El profesor subió de nuevo al estrado, y
dirigiéndose a los alumnos para dar por acabada la clase, sujetando entre las
manos el ingenio aéreo de papel, ya rematado, añadió:
–Hoy hemos dado una introducción al método
blando de conducta ante la policía, “a
una mala ya veremos” –complementó dejando en el ambiente la expresión
coloquial, que hacía evidente su origen aragonés–. Los próximos días nos
concentraremos en las técnicas para
reducir al agente, o hipnotizarle y abandonarlo dormido en la carretera, antes
de huir a marchas forzadas.
–¡Profesor!... –interrumpió un oyente–.
¿Me podría decir si aprenderemos algo para defendernos de los
automovilistas?
–Naturalmente que sí: les iniciaremos en
el uso de daga y fusta, armas cortas de fuego, katana, artes marciales y
defensa personal, manipulación de explosivos, bombas de racimo, técnicas de
supervivencia, y… hasta rudimentos fundamentales sobre agentes bióticos
agresivos. Saldrán ustedes de la Autoescuela ATILA GIMENEZ, preparados para superar toda
contingencia adversa, y recibirán un traje de camuflaje y chaleco antibalas. ¡Va
incluido en el precio de la matrícula! Entrar en el asfalto es entrar en
combate, lo fácil es conocer el código de la circulación, porque
es de dominio público y está al alcance de un niño. A la Autoescuela ATILA, –enfatizó– venimos
para preparar la entrada en un mundo de adultos que compiten a cara de perro,
un mundo en el que hay que vérselas con lo peorcito. Nos avalan los resultados,
ninguno de nuestros alumnos ha perecido en la carretera, ni aún chocando contra
un tren de mercancías… Muchas gracias…, la clase ha terminado.

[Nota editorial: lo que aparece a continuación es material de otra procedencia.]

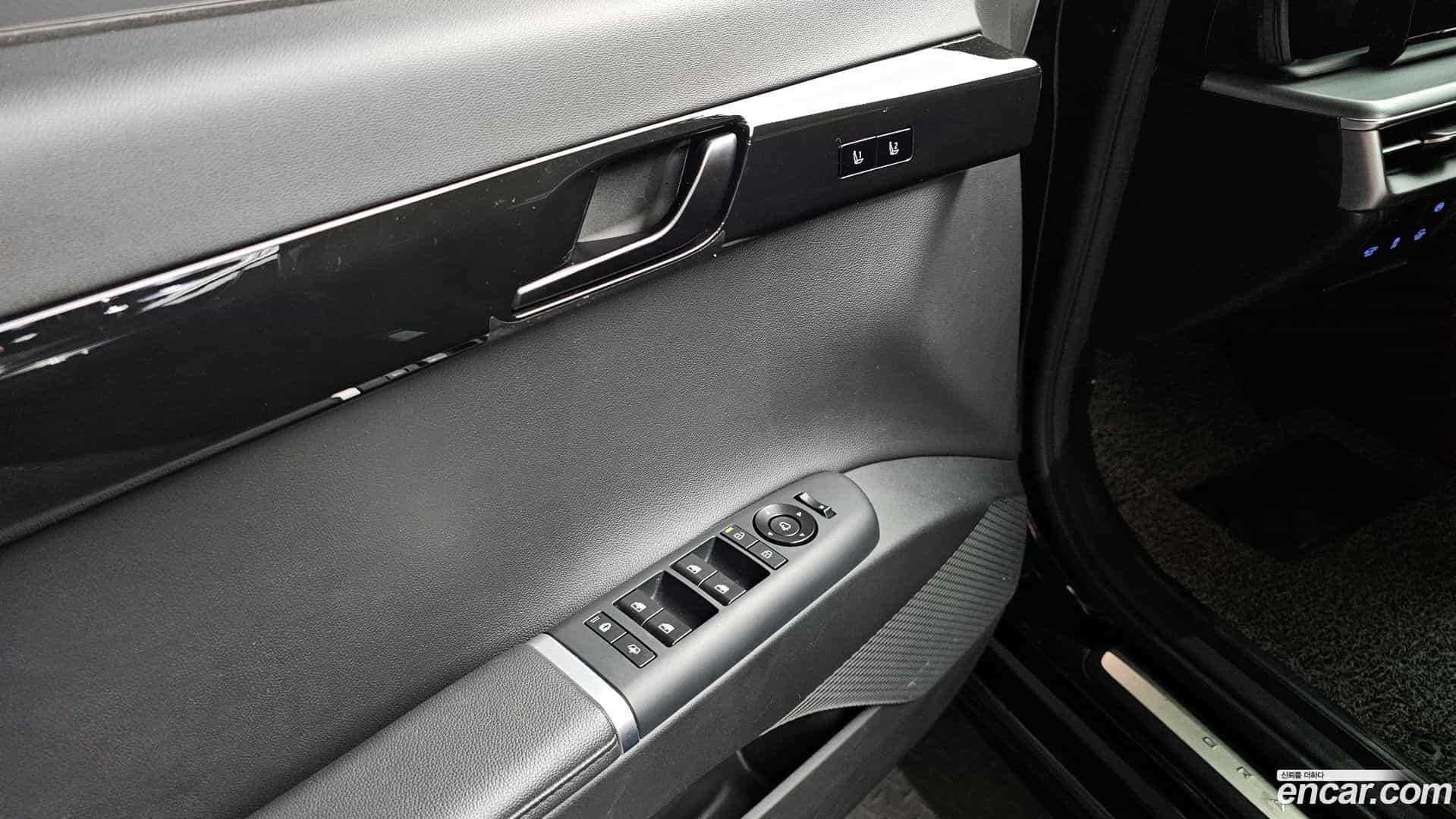 Grandeur Hyundai 2022.11-OPTION-017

Dirigiéndose a la puerta, el profesor
lanzó el avión de papel hacia el interior del aula, y cerró tras de sí. Durante
más de veinte minutos, el planeador comenzó a dar vueltas y más vueltas alrededor
de la sala, dibujando en el espacio figuras
caprichosas e inverosímiles, y ascendió una y otra vez hasta el techo, o bajó
hasta rozar las cabezas de los congregados, que le seguían con la mirada en su
vuelo giratorio, oscilante e interminable. En el momento en que alguien abrió
la puerta, el avión acertando a dar con el hueco, describió primero una pirueta
de doble lazo, y en quebrados movimientos salió a la calle ascendiendo en
rápida inclinación, perdiéndose en el horizonte y dejando atrás el pertinaz e
insistente zumbido del vuelo de un moscardón.
Escépticos, creyentes, y dudantes, alumnos
de la autoescuela, se preguntan todavía hoy, qué tipo de magia contemplaron.
Magnífica alegoría. Se echan en falta relatos divulgativos y amenos. Como éste.